GOAL OF THE EXERCISE
Copy nothing before the line that contains "Verbatim LR03 Alkalne"; from there, transcribe each line exactly through the end of the material, omitting pictures.

EXTRACTED RECORDS
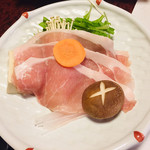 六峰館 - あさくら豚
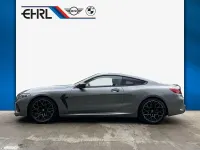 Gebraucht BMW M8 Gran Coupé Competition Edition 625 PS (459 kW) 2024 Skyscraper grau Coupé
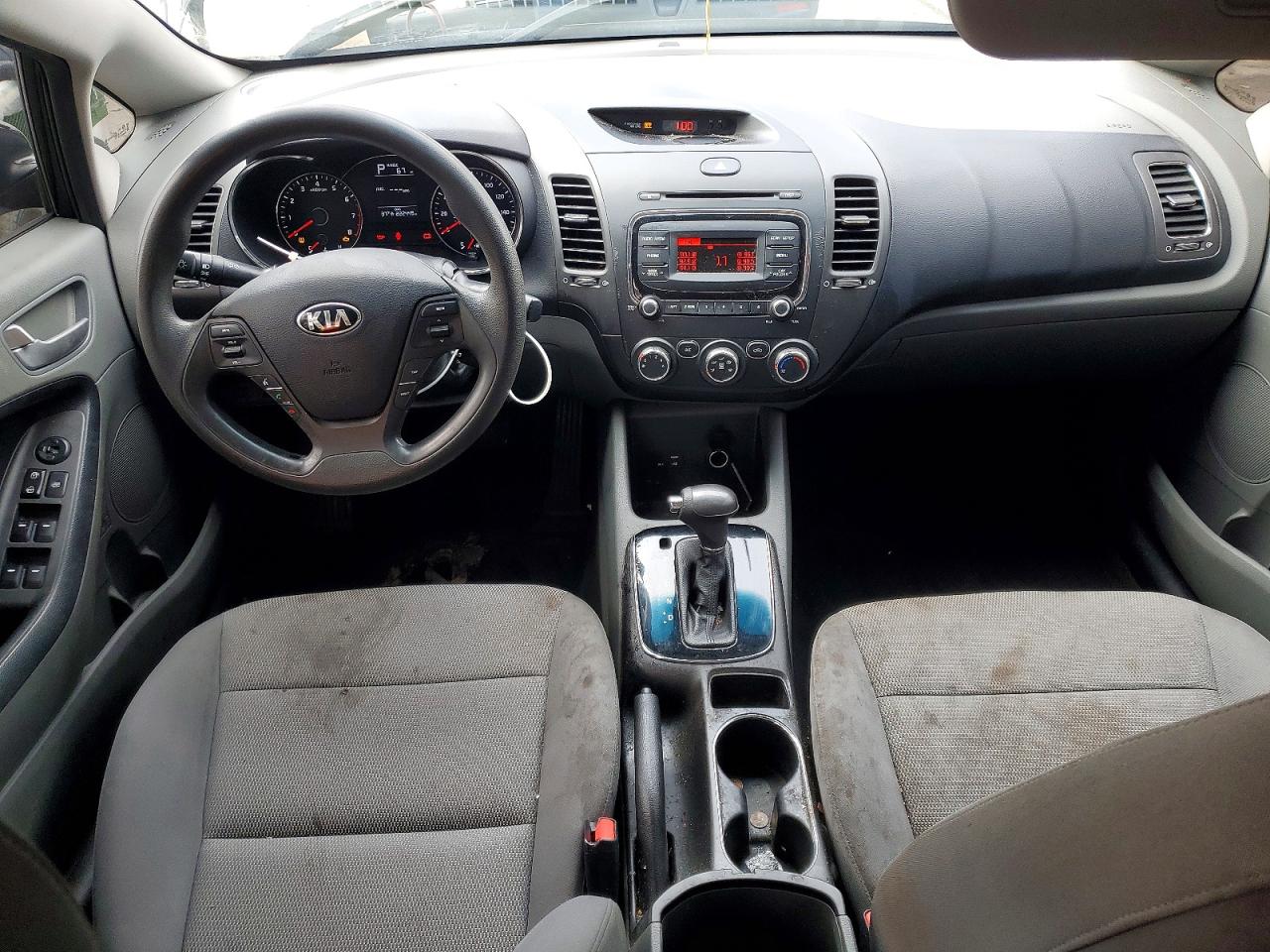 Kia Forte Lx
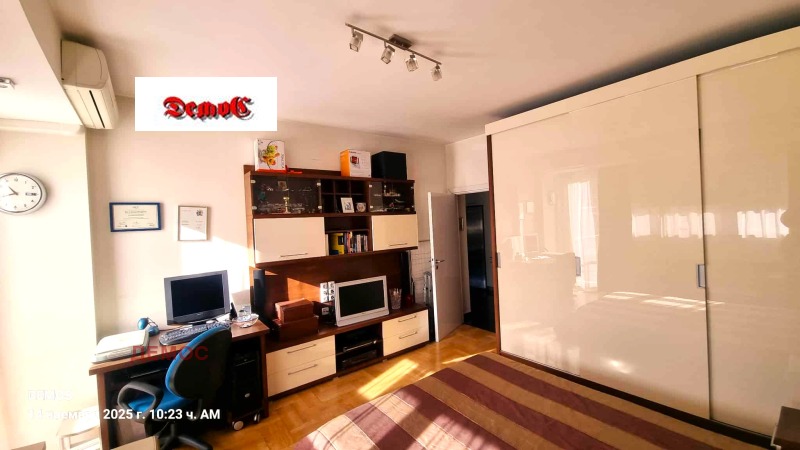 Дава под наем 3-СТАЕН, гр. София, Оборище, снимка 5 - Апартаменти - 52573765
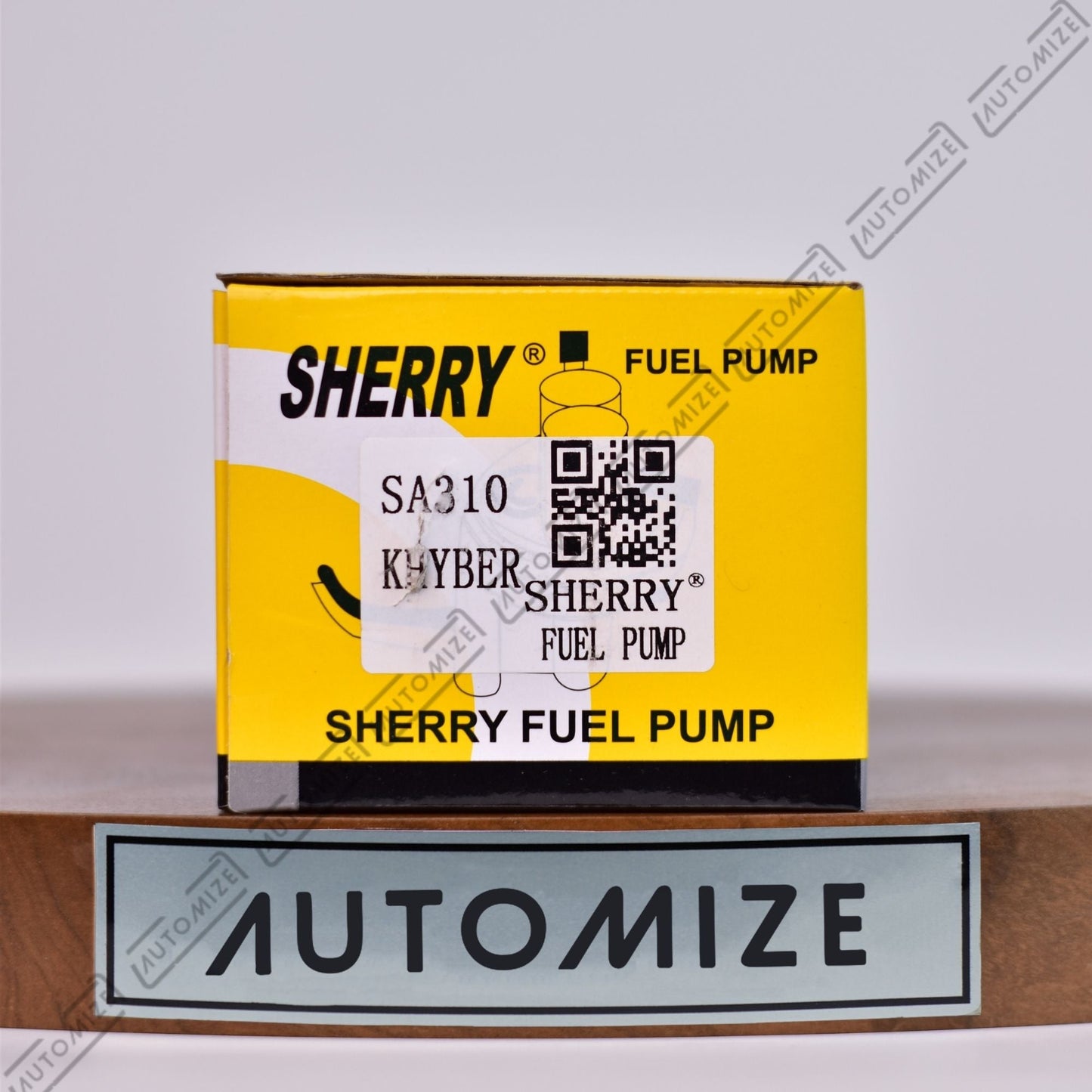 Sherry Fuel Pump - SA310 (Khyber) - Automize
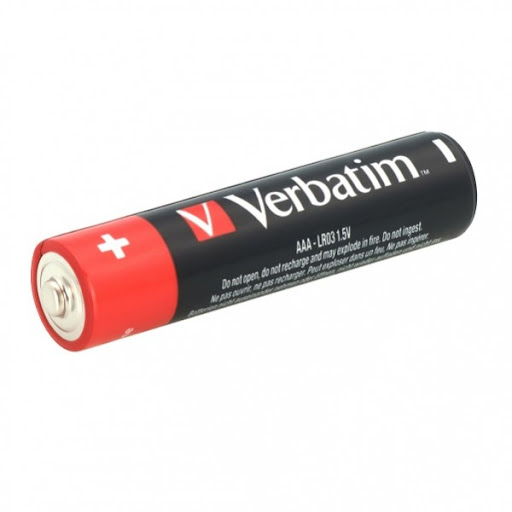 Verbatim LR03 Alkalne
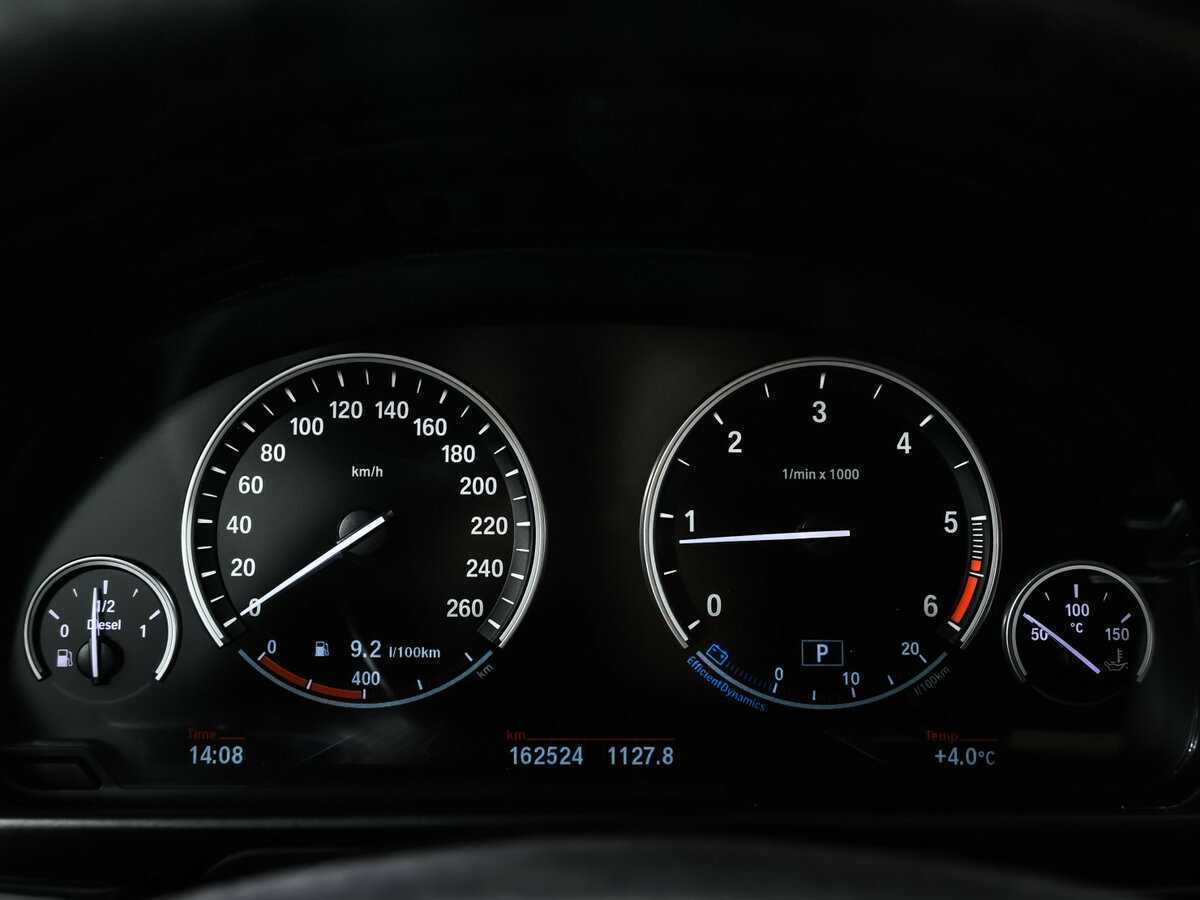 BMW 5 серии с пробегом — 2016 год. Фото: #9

WRITTEN SOLUTION
 Verbatim LR03 Alkalne
 BMW 5 серии с пробегом — 2016 год. Фото: #9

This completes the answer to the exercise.